Mit der Machtübergabe an Hitler endeten 1933 jedoch die bürgerrechtlich-emanzipatorischen Bemühungen, und das Streben nach einer dogmatischen Durchdringung des Blindenrechts.
Cohn überlebte Theresienstadt und Bergen-Belsen
Cohn wurde 1933 als Blindenfürsorger entlassen, weil "arischen" Blinden ein jüdischer Betreuer nicht zuzumuten sei.
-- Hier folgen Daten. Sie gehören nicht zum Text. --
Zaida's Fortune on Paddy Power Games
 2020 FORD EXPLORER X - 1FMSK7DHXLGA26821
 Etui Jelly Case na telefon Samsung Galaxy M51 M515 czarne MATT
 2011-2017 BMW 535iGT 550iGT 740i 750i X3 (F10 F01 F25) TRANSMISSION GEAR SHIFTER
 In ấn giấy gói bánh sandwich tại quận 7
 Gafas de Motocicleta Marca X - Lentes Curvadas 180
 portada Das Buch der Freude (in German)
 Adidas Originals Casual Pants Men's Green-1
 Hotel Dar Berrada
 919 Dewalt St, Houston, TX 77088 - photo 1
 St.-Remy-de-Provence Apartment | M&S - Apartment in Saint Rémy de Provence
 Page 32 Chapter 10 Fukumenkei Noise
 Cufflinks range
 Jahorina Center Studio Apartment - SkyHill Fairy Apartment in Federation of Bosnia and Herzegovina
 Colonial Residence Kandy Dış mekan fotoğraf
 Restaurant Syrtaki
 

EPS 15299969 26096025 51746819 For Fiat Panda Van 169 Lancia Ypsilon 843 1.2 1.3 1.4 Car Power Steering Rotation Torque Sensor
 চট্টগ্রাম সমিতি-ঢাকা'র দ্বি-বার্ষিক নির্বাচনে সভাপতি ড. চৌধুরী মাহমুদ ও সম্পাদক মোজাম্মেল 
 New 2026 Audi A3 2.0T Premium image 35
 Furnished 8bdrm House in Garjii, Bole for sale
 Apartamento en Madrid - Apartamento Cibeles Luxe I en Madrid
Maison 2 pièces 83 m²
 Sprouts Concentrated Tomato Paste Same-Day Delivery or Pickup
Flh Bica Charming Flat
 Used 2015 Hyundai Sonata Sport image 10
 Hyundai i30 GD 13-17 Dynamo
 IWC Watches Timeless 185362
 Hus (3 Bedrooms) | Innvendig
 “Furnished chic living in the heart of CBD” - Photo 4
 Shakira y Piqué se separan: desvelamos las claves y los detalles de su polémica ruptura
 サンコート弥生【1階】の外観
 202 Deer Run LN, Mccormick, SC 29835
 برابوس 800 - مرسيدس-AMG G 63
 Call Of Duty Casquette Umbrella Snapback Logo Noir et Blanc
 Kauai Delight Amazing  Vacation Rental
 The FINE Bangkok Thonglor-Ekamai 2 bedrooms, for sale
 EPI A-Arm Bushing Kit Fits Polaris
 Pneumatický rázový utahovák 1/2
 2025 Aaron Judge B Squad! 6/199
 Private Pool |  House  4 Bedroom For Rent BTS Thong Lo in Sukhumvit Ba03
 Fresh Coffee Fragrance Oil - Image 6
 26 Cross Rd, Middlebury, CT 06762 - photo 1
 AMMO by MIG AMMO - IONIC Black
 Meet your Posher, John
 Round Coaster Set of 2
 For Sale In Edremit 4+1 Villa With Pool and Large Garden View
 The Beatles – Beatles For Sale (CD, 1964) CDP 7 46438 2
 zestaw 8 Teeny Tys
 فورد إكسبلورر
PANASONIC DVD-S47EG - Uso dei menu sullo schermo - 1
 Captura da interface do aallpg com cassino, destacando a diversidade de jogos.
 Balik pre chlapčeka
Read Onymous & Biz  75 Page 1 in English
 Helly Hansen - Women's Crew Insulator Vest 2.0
Cohn überlebte, nach dem Exil in den Niederlanden, zwischen 1940 und 1945 die Konzentrationslager Theresienstadt und Bergen-Belsen – als blinder Mann von über 60 Jahren! – und hatte 74-jährig noch die Kraft, von Rotterdam aus den Aufbau der israelischen Blindenbibliothek in Tel Aviv zu unterstützen.
Spargel setzte 1938 als Leiter des zuständigen Amts in Hamburg eigenständig "unter Anwendung des nationalsozialistischen Rechtsguts" durch, dass jüdische Kriegsbeschädigte in der Hansestadt ihre Versorgungsansprüche verloren – 1929 hatte er sich noch positiv zum Anliegen seines Kollegen Cohn erklärt.
Um ein Bündel an schwierigen Lebenssachverhalten in eine akademisch durchdachte, dem Rechtsanwender wiederum das Leben erleichternde Dogmatik und Gesetzgebung zu überführen, braucht es wohl zwei, drei Generationen, die "am Ball bleiben". Die exemplarisch genannten Lebensdaten der Doctores Cohn und Spargel lassen ahnen, warum das Blindenrecht – trotz seines historischen Momentums in den zwanziger Jahren – nicht zur Wegbereiterin einer wirklich durchgeformten deutschen Sozialrechtsmaterie werden konnte.